*Problem statement:* Pictures aside, return every line below exactly as written.

*Available data:*
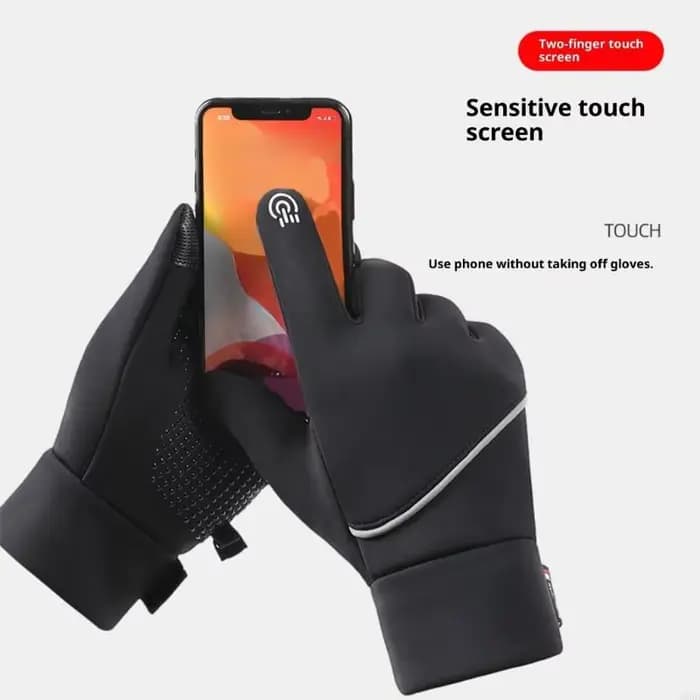 Gants chauffants pour hommes femmes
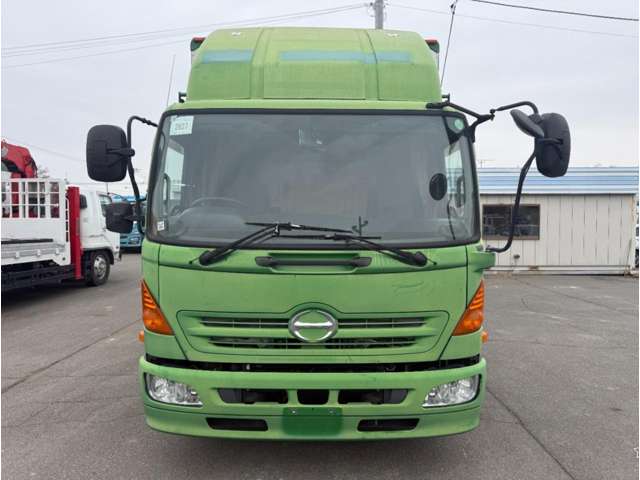 Hino Ranger Pro 3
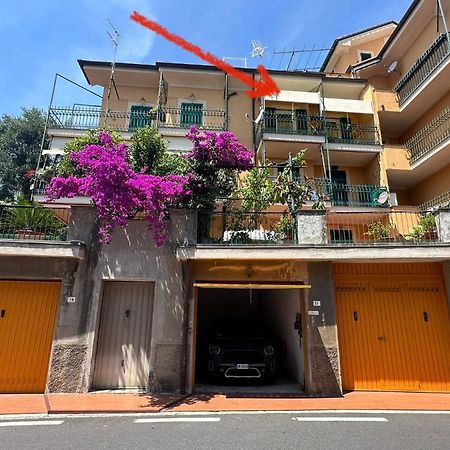 Апартаменти Casa Irene Terrazza Vista Mare E Garage Портовенере Екстер'єр фото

*Written answer:*
 Gants chauffants pour hommes femmes
 Hino Ranger Pro 3
 Апартаменти Casa Irene Terrazza Vista Mare E Garage Портовенере Екстер'єр фото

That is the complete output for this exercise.